**Supplied data**
- Opening Delimiter -

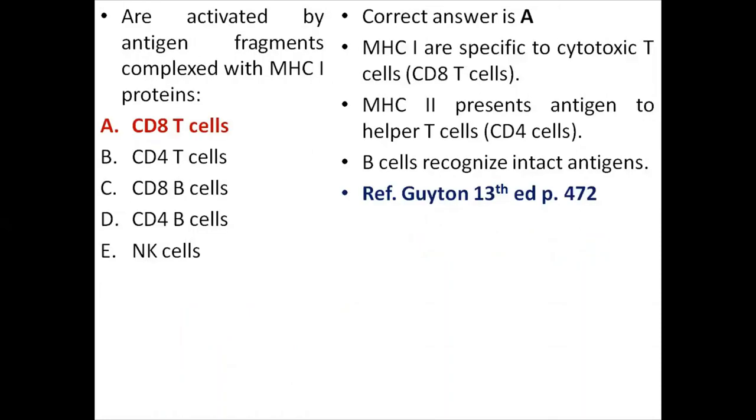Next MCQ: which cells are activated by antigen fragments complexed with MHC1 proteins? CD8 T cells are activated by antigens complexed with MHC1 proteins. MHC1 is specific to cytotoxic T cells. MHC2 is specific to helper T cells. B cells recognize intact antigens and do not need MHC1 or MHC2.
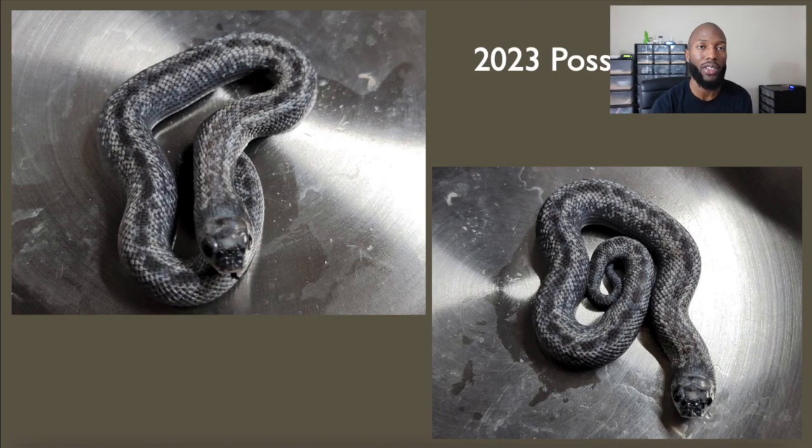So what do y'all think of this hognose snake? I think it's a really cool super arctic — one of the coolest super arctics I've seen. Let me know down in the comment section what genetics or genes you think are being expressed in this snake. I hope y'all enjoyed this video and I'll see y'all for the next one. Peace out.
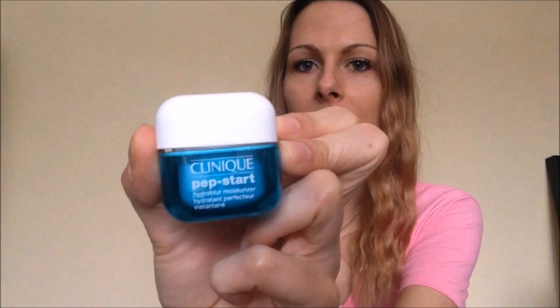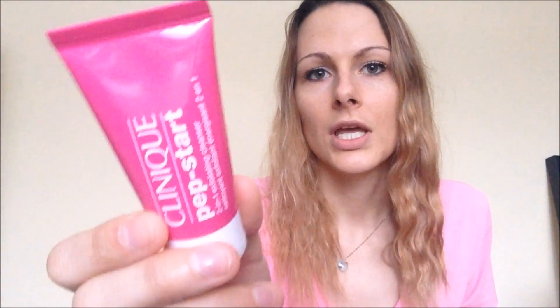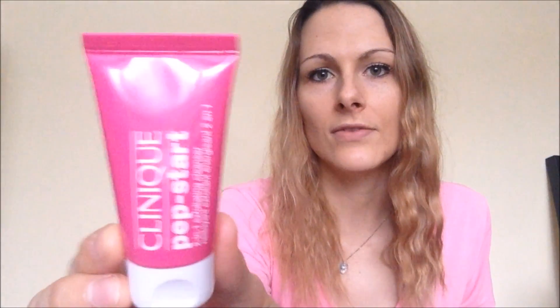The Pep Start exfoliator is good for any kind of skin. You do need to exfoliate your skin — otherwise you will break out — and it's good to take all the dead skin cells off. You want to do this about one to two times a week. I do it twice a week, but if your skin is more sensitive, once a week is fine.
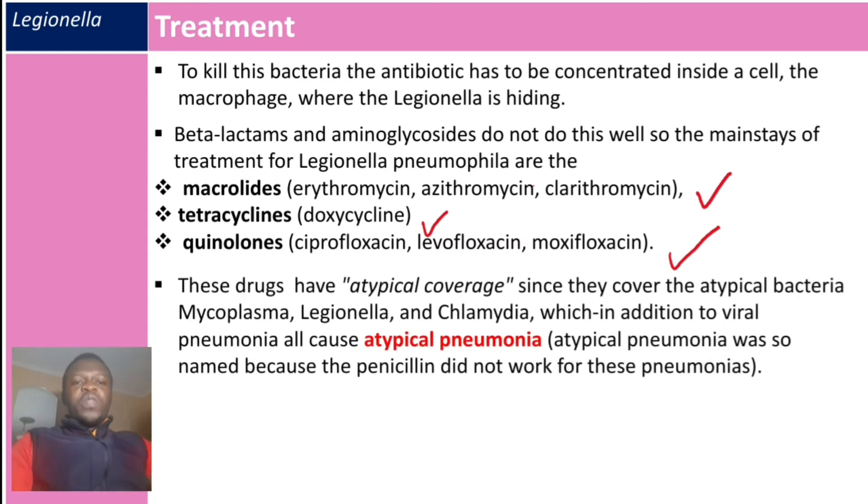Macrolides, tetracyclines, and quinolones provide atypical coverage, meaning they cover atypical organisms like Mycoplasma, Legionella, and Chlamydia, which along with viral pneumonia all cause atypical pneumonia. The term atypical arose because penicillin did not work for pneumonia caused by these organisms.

- Closing Delimiter -

**What is expected**
Please print everything in the material exactly, apart from the pictures.

**Response**
Next MCQ: which cells are activated by antigen fragments complexed with MHC1 proteins? CD8 T cells are activated by antigens complexed with MHC1 proteins. MHC1 is specific to cytotoxic T cells. MHC2 is specific to helper T cells. B cells recognize intact antigens and do not need MHC1 or MHC2.
So what do y'all think of this hognose snake? I think it's a really cool super arctic — one of the coolest super arctics I've seen. Let me know down in the comment section what genetics or genes you think are being expressed in this snake. I hope y'all enjoyed this video and I'll see y'all for the next one. Peace out.
The Pep Start exfoliator is good for any kind of skin. You do need to exfoliate your skin — otherwise you will break out — and it's good to take all the dead skin cells off. You want to do this about one to two times a week. I do it twice a week, but if your skin is more sensitive, once a week is fine.
Macrolides, tetracyclines, and quinolones provide atypical coverage, meaning they cover atypical organisms like Mycoplasma, Legionella, and Chlamydia, which along with viral pneumonia all cause atypical pneumonia. The term atypical arose because penicillin did not work for pneumonia caused by these organisms.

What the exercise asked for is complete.